Podría decirse que la cinta no posee una historia propiamente dicha, es mas bien una road movie minimalista que, como tal, se interesa en el momento inmediato, cualquiera que éste sea (breves escalas para que Jacinta alimente a su bebé Anahí –que pasa de ser el indeseable bulto a ser el catalizador sentimental–, para hacer una llamada telefónica o para una reunión al lado de la carretera donde se incitan los celos de Rubén), durante el recorrido se va registrando el sutil cambio en conciencia e identidad de un hombre.

El camión finalmente llega al hogar de la prima de Jacinta en Buenos Aires, y Rubén es testigo distante de una feliz y acogedora bienvenida familiar acompañada de una genuina ola de besos y abrazos. Y así, sin saberlo, se encuentra en presencia del amor incondicional, la clase de fuerza familiar que llega tan poderosamente, y golpea a Rubén en la cabeza. Aparece mas aislado que nunca, solo en pantalla, visiblemente afectado por reconocer lo que en algún momento tuvo. (No habla sobre alguna esposa o familiares más que su hermana, salvo por un hijo, que menciona no haber conocido hasta cumplidos sus cuatro años, y a quien no ha vuelto a ver en lo últimos ocho).
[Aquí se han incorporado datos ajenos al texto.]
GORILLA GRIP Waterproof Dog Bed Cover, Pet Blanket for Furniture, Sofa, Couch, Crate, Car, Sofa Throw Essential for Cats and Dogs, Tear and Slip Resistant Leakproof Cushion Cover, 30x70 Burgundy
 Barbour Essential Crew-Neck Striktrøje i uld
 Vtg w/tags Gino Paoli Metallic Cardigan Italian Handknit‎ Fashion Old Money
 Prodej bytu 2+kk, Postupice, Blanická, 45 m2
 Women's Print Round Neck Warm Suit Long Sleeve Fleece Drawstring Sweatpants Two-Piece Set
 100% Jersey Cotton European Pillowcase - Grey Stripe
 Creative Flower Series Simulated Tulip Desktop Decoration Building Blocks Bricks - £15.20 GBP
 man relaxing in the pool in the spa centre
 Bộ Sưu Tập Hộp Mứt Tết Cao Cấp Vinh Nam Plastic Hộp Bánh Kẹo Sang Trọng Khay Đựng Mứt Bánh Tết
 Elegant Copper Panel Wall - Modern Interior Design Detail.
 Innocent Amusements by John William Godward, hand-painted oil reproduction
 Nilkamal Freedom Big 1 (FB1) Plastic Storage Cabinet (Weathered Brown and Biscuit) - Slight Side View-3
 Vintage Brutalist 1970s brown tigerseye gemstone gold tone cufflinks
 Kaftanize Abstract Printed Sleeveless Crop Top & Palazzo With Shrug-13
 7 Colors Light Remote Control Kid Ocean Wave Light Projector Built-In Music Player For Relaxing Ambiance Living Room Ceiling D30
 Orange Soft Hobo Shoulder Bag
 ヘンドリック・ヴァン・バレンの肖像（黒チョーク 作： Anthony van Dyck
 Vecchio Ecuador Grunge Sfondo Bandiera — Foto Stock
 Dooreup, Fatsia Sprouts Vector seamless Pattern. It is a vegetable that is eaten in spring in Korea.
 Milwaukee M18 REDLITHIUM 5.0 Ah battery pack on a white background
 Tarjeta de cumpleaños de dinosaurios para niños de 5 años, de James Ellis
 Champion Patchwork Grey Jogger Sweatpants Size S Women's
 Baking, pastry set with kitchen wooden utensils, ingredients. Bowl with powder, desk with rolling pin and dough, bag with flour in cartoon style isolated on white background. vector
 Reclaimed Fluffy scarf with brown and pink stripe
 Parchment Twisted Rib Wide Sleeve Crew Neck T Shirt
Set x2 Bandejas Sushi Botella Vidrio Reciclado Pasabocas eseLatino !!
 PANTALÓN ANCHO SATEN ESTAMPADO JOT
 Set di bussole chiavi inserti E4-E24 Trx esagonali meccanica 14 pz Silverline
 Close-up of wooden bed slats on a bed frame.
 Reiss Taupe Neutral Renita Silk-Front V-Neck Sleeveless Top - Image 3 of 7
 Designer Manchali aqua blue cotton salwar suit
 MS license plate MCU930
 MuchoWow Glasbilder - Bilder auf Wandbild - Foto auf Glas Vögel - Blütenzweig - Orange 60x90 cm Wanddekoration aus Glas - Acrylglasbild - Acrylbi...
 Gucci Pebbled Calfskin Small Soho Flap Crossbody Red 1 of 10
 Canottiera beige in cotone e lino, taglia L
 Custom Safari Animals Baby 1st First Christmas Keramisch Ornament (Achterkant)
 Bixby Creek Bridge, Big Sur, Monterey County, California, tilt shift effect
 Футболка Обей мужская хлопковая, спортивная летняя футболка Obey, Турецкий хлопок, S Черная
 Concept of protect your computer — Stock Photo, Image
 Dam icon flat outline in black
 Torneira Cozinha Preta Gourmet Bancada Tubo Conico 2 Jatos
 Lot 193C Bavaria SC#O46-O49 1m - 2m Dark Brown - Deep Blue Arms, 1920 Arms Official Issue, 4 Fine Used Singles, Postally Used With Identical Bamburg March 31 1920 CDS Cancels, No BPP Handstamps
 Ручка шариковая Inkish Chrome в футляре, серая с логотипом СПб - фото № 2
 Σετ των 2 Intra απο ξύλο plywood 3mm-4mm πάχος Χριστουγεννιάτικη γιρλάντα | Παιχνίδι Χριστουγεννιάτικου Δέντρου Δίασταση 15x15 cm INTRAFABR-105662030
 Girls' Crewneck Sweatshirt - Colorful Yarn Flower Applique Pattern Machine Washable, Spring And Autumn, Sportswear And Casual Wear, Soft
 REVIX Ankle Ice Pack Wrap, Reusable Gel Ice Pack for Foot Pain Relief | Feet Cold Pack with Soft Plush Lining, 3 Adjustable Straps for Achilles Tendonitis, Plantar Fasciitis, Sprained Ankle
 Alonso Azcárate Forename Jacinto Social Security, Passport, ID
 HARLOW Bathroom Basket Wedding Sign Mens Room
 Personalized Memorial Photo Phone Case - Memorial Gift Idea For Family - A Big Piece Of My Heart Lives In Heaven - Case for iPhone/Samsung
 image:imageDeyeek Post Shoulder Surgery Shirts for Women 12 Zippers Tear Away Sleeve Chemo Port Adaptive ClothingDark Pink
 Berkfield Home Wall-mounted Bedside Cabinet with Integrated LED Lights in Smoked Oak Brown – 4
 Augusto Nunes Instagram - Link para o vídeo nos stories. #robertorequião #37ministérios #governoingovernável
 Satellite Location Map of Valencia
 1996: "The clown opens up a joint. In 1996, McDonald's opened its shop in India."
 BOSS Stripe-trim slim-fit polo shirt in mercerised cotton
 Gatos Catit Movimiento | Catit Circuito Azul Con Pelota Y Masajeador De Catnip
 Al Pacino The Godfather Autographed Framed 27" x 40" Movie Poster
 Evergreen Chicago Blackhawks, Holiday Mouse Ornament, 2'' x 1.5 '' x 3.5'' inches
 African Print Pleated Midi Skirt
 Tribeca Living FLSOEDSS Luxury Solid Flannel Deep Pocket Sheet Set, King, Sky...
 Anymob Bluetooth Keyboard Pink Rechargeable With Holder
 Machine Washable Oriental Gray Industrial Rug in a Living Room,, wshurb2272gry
Las Acacias no enfatiza nada, no es complaciente, confía en los sutiles avances del comportamiento así como cambios a través del espacio físico, de la naturaleza rural a centros urbanos llenos de tráfico. Los cambios en ambos suceden imperceptiblemente, y así, cuando ocurren, contienen la fuerza de una bofetada. Por consecuencia, cuando parece que Jacinta entra a la casa, arrastrada por la algarabía de su recibimiento, para nunca reaparecer, hay un inesperado sentimiento de pérdida, aunado a una sensación de incredulidad que dejaría a Rubén sin siquiera decir adiós. Sin cortes enfáticos o tomas sostenidas para aumentar el dramatismo, Jacinta regresa para despedirse, el momento que fundamentalmente podría cambia la vida de Rubén. La merecida victoria de este personaje –su humilde y tímida propuesta en invitar a Jacinta, y su aceptación– es el momento para el que toda la película se fue preparando, el momento trascendental, el final que es apenas un comienzo… sí, así de cursi.